Collected data entries:
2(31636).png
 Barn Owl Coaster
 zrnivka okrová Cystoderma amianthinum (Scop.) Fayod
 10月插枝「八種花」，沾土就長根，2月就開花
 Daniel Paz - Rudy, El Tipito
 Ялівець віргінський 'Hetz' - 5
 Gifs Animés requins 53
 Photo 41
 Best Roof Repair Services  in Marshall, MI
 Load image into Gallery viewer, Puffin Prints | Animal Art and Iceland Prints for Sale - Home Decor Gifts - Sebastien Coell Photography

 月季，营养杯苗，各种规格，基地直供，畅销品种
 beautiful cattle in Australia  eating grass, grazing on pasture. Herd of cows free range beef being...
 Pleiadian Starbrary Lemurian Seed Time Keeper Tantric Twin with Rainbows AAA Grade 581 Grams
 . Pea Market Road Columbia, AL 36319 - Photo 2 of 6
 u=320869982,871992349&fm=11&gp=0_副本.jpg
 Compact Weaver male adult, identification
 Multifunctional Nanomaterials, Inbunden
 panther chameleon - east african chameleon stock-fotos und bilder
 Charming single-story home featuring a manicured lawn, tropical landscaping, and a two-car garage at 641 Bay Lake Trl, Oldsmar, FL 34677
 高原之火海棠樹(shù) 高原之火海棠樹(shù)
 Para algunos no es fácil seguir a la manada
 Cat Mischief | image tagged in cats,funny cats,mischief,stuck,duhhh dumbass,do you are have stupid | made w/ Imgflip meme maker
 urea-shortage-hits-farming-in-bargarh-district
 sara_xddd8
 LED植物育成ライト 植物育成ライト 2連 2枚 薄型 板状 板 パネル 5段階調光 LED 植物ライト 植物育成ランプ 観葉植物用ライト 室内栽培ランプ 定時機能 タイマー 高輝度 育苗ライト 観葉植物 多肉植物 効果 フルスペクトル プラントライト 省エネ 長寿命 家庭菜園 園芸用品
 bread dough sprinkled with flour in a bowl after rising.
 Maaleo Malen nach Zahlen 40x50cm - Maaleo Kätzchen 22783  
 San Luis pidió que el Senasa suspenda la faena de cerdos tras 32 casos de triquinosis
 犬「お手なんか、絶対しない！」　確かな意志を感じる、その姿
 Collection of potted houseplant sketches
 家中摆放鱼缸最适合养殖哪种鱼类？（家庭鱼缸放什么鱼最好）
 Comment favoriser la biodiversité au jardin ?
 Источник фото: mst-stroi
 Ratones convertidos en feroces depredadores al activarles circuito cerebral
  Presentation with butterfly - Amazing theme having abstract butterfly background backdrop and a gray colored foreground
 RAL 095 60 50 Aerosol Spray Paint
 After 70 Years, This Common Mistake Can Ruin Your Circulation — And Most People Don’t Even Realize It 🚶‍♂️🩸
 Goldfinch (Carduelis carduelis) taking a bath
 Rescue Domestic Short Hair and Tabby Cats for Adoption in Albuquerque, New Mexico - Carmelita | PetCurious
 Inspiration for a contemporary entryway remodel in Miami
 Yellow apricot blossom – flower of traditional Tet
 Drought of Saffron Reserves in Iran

Exercise description:
Retype all of the data exactly, so that nothing differs from what is given.

Task result:
2(31636).png
 Barn Owl Coaster
 zrnivka okrová Cystoderma amianthinum (Scop.) Fayod
 10月插枝「八種花」，沾土就長根，2月就開花
 Daniel Paz - Rudy, El Tipito
 Ялівець віргінський 'Hetz' - 5
 Gifs Animés requins 53
 Photo 41
 Best Roof Repair Services  in Marshall, MI
 Load image into Gallery viewer, Puffin Prints | Animal Art and Iceland Prints for Sale - Home Decor Gifts - Sebastien Coell Photography

 月季，营养杯苗，各种规格，基地直供，畅销品种
 beautiful cattle in Australia  eating grass, grazing on pasture. Herd of cows free range beef being...
 Pleiadian Starbrary Lemurian Seed Time Keeper Tantric Twin with Rainbows AAA Grade 581 Grams
 . Pea Market Road Columbia, AL 36319 - Photo 2 of 6
 u=320869982,871992349&fm=11&gp=0_副本.jpg
 Compact Weaver male adult, identification
 Multifunctional Nanomaterials, Inbunden
 panther chameleon - east african chameleon stock-fotos und bilder
 Charming single-story home featuring a manicured lawn, tropical landscaping, and a two-car garage at 641 Bay Lake Trl, Oldsmar, FL 34677
 高原之火海棠樹(shù) 高原之火海棠樹(shù)
 Para algunos no es fácil seguir a la manada
 Cat Mischief | image tagged in cats,funny cats,mischief,stuck,duhhh dumbass,do you are have stupid | made w/ Imgflip meme maker
 urea-shortage-hits-farming-in-bargarh-district
 sara_xddd8
 LED植物育成ライト 植物育成ライト 2連 2枚 薄型 板状 板 パネル 5段階調光 LED 植物ライト 植物育成ランプ 観葉植物用ライト 室内栽培ランプ 定時機能 タイマー 高輝度 育苗ライト 観葉植物 多肉植物 効果 フルスペクトル プラントライト 省エネ 長寿命 家庭菜園 園芸用品
 bread dough sprinkled with flour in a bowl after rising.
 Maaleo Malen nach Zahlen 40x50cm - Maaleo Kätzchen 22783  
 San Luis pidió que el Senasa suspenda la faena de cerdos tras 32 casos de triquinosis
 犬「お手なんか、絶対しない！」　確かな意志を感じる、その姿
 Collection of potted houseplant sketches
 家中摆放鱼缸最适合养殖哪种鱼类？（家庭鱼缸放什么鱼最好）
 Comment favoriser la biodiversité au jardin ?
 Источник фото: mst-stroi
 Ratones convertidos en feroces depredadores al activarles circuito cerebral
  Presentation with butterfly - Amazing theme having abstract butterfly background backdrop and a gray colored foreground
 RAL 095 60 50 Aerosol Spray Paint
 After 70 Years, This Common Mistake Can Ruin Your Circulation — And Most People Don’t Even Realize It 🚶‍♂️🩸
 Goldfinch (Carduelis carduelis) taking a bath
 Rescue Domestic Short Hair and Tabby Cats for Adoption in Albuquerque, New Mexico - Carmelita | PetCurious
 Inspiration for a contemporary entryway remodel in Miami
 Yellow apricot blossom – flower of traditional Tet
 Drought of Saffron Reserves in Iran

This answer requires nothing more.